Et en effet, aux côtés des industriels classiques de l’industrie spatiale américaine comme Lockheed Martin, vont maintenant désormais cohabiter de nouveaux acteurs technologiques comme SpaceX, l’entreprise spatiale d’Elon Musk ou même, son concurrent direct, Blue Origin, qui appartient à Jeff Bezos, ancien patron d’Amazon. Bref ! Le old space se refait une jeunesse.
Musk est d’ailleurs sans doute le héros de cette nouvelle ère de l’exploration spatiale américaine. Il va, il faut bien le reconnaître, revivifier une NASA pas très en forme et lui donner du sang neuf. Il va surtout participer à en faire la porte d’entrée vers l’espace, parce que, d’après moi, c’est surtout cela l’objectif de la vision américaine version Obama. Il ne s’agit plus simplement d’aller dans l’espace ou de le conquérir, mais plus encore, c’est-à-dire d’en contrôler l’accès. Et SpaceX, donc indirectement les États-Unis, se transforment en contrôleur d’accès pour tout un tas de pays qui en sont désormais de plus en plus dépendants, notamment pour les lancements de satellites ou les missions des vols habités, l’Europe d’ailleurs en premier lieu.
Elon Musk, si on se détache du personnage, et c’est vraiment toujours ce que je m’attache personnellement à faire, est peut-être le symbole de cette nouvelle stratégie américaine qui hybride public et privé, civil et militaire.
La conquête de l’espace nous donne à voir une facette encore différente et inédite de ces nouvelles formes de cyberpouvoirs. Mais si la forme et les modalités changent, je serais aussi tentée de vous dire que le but ultime reste toujours le même, celui de la domination et de la puissance.
Pour boucler la boucle, j’aimerais redonner la parole à JFK qui avait si justement résumé la situation dans les années 60. Oui, l’espace reste bien, 50 ans plus tard, l’une des prochaines frontières à conquérir.
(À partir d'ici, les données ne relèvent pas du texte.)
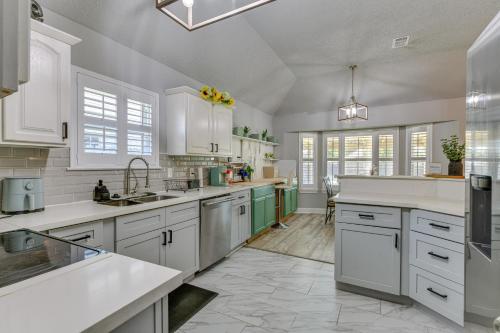 Private Yard and Patios Family Home in LaPlace! in ลาเพลส (LA)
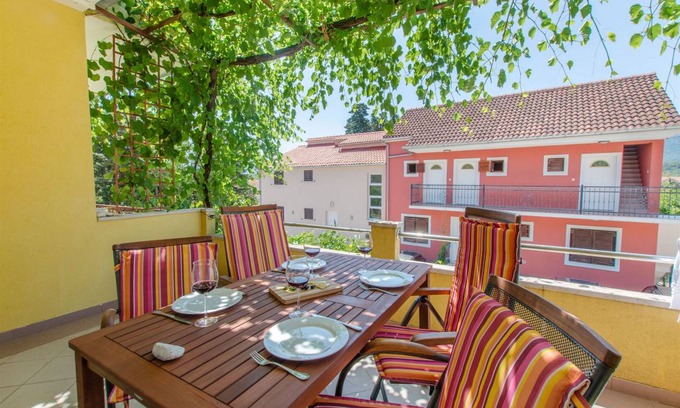 Vrboska Apartment | Apartments and Rooms Anita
John Kennedy, voix off : Because that challenge is one that we are willing to accept, one we are unwilling to postpone, and one we intend to win, and the others, too.

Voix off : Les enjeux technologiques d’aujourd’hui, les enjeux politiques de demain. CyberPouvoirs sur France Inter.

Asma Mhalla : Dans un instant sur Inter, on poursuit notre exploration astrale avec mon invité du jour, Arnaud Saint-Martin, chercheur au CNRS et spécialiste d’astronautique et du New Space.

Pause musicale : Wait par M83.

Asma Mhalla : À l’instant c’était M83 avec Wait sur Inter. Vous écoutez CyberPouvoirs et on continue d’explorer la Lune.

Voix off : CyberPouvoirs Asma Mhlalla sur France Inter.